D. Ray Tuttle
Dolan Media Newswires
Oklahoma City — The business of converting wind into a useful form of energy continues to grow as manufacturers around the world look to establish a foothold in the mushrooming U.S. market.
Since the early 1990s, wind energy technology has seen substantial growth in the U.S. utility and residential markets. The U.S. has added more wind energy to its grid than any other country.
The nation’s emerging midsize wind turbine market recently attracted 110 wind turbine designers, manufacturers, suppliers and operators from across the country to Northeastern State University at Broken Arrow.

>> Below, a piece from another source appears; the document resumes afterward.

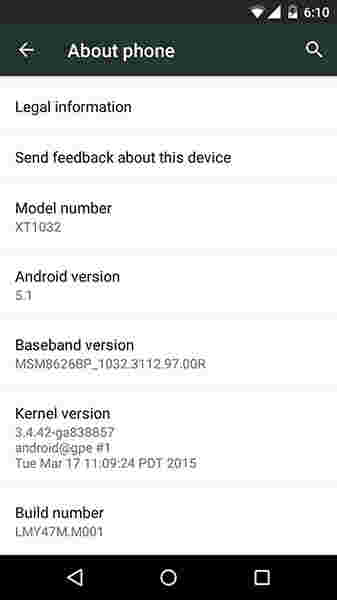 Moto G GPE获取Android 5.1 OTA更新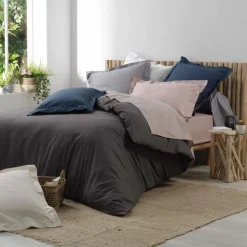 maxibazar Drap Plat 2 P 240X300Cm Percale Uni Blanc Point Bourdon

“The market potential is huge, said Ed Weston, director of the Great Lakes Wind Network. The Broken Arrow workshop was sponsored by the National Renewable Energy Laboratory and the Great Lakes Wind Network.
“Growth in the wind market is expected to top 20 percent for the next few years and remain at double-digit rates over the next 20 years,” Weston said.
Company officials discussed the market opportunities, the anatomy of a turbine, how companies get started and tips on what is needed to succeed in the market.
Wind energy costs a fifth of what it did in the 1980s, said Trudy Forsyth, a senior project leader of the National Renewable Energy Laboratory.
“This is a cutting-edge development because, for us in the Midwest, we have a wonderful wind resource,” she said.
The reason the midsize market has not grown as quickly is because manufacturers are following the European model, Forsyth said.
“The problem is that as the wind market has grown, people are looking for bigger and bigger machines. We have followed the Europeans down the multimegawatt path,” Forsyth said. “Because the larger the machine, the cheaper the per-kilowatt-hour costs are.”
Europeans have less room to work with, so they can only install large machines, she said.
“If they put up a turbine, they will put up as big a turbine as they can get,” Forsyth said.
For U.S. manufacturers, the potential is big in the midsize market because only a fraction of the parts that go into the turbines are made in the U.S. Midsize turbines produce between 100 kilowatts and 1 megawatt of electricity.
“The midsize market, which is projected to be 220 gigawatts and more than six times the currently installed wind power capacity, represents an enormous growth opportunity,” Weston said.